Patativa do Assaré foi (é) um poeta popular que, mesmo se no início cantou o sertão de forma essencialmente nostálgica e lírica, tomou consciência das possibilidades de mudança e do impacto que podia ter a sua voz. Embora sendo recebido pelos responsáveis políticos e honrado por sua obra, ele não cessou de lhes recordar a realidade de onde ele extraiu a sua principal fonte de inspiração. Uma de suas maiores preocupações era um futuro melhor para as gerações que virão. Este objetivo não pode ser alcançado sem passar por uma melhor educação e Patativa do Assaré via no livro o seu auxiliar indispensável: “É por meio da leitura Que poderá a criatura na vida desenvolver, o livro é companheiro mais fiel e verdadeiro que nos ajuda a vencer”(Ao meu afilhado Cainã).

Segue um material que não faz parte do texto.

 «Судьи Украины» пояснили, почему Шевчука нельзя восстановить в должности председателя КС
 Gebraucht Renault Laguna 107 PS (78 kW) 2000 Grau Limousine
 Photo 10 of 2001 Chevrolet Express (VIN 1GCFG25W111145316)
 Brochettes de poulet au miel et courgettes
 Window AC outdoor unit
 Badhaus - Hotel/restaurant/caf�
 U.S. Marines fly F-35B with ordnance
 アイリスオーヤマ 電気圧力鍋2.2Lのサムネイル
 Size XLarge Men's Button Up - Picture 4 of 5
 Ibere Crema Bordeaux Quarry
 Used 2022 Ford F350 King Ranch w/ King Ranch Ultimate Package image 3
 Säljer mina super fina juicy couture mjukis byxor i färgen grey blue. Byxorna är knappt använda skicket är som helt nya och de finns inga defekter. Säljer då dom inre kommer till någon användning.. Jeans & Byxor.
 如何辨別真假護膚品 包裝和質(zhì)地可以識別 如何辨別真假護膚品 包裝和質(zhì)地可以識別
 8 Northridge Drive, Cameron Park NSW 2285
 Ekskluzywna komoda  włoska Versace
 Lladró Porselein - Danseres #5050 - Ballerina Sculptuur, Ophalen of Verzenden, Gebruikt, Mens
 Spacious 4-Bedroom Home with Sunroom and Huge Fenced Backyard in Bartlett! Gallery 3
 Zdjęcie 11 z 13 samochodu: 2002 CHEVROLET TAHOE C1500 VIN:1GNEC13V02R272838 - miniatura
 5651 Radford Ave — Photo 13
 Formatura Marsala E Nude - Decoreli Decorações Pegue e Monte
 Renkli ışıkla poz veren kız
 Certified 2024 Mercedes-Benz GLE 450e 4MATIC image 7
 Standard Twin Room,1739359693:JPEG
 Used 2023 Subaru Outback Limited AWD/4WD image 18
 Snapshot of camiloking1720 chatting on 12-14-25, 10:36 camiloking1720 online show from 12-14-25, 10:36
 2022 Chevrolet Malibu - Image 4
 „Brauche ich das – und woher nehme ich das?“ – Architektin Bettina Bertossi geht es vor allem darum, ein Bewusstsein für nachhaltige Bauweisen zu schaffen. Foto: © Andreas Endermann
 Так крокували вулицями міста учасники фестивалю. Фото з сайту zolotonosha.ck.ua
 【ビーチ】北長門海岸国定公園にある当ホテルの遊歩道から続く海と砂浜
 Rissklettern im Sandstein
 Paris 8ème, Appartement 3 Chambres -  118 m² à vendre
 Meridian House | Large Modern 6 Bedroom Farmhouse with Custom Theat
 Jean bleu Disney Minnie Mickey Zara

Pesquisadores e universitários têm lamentado, há alguns anos, o fim da literatura de cordel, avaliando que este modo de transmissão de conhecimentos não resistirá mais diante dos novos meios de comunicação. Talvez fosse preciso formular diferentemente o problema diante do lugar ocupado por Patativa do Assaré: herdeiro de uma forte tradição logrou transformar seu papel e sua mensagem.
“Distante da terra
Tão seca mas boa
Exposto à garoa
A lama e o paú
Faz pena o nortista
Tão forte, tão bravo
Viver como escravo
No Norte e no Sul”
Feliz e instigante observação "O que toca o leitor não é a linguagem de caráter popular “de quem não sabe”, mas o sofrimento de saber o que é ter fome ou dor, tristeza ou felicidade, mágoa ou prazer" . Patativa foi este misto, esta dualidade na representação de sua obra, diga-se de passagem, despretensiosa, porém aguçada ao extremo. Valeu pelo texto , professor Lucínio. Recomendo demais.